» **REQUIRED ACTION**
Word for word, write out all of the entries that follow.

» **RECORDS FOR THIS TASK**
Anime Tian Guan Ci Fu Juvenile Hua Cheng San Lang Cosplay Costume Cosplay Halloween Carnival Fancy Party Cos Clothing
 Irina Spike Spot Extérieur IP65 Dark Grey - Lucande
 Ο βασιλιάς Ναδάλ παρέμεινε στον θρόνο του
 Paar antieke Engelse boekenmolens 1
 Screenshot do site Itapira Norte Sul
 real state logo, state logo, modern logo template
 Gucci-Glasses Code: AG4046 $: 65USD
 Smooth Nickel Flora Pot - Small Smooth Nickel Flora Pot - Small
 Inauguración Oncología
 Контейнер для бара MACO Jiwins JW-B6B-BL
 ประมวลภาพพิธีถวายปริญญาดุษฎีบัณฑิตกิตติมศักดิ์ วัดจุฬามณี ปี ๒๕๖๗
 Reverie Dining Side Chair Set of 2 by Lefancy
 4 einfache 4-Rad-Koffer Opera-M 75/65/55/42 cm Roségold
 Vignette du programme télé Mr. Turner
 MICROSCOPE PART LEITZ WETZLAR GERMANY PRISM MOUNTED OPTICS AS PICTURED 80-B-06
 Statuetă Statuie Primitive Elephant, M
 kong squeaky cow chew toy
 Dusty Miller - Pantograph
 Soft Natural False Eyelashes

» **EXERCISE SOLUTION**
Anime Tian Guan Ci Fu Juvenile Hua Cheng San Lang Cosplay Costume Cosplay Halloween Carnival Fancy Party Cos Clothing
 Irina Spike Spot Extérieur IP65 Dark Grey - Lucande
 Ο βασιλιάς Ναδάλ παρέμεινε στον θρόνο του
 Paar antieke Engelse boekenmolens 1
 Screenshot do site Itapira Norte Sul
 real state logo, state logo, modern logo template
 Gucci-Glasses Code: AG4046 $: 65USD
 Smooth Nickel Flora Pot - Small Smooth Nickel Flora Pot - Small
 Inauguración Oncología
 Контейнер для бара MACO Jiwins JW-B6B-BL
 ประมวลภาพพิธีถวายปริญญาดุษฎีบัณฑิตกิตติมศักดิ์ วัดจุฬามณี ปี ๒๕๖๗
 Reverie Dining Side Chair Set of 2 by Lefancy
 4 einfache 4-Rad-Koffer Opera-M 75/65/55/42 cm Roségold
 Vignette du programme télé Mr. Turner
 MICROSCOPE PART LEITZ WETZLAR GERMANY PRISM MOUNTED OPTICS AS PICTURED 80-B-06
 Statuetă Statuie Primitive Elephant, M
 kong squeaky cow chew toy
 Dusty Miller - Pantograph
 Soft Natural False Eyelashes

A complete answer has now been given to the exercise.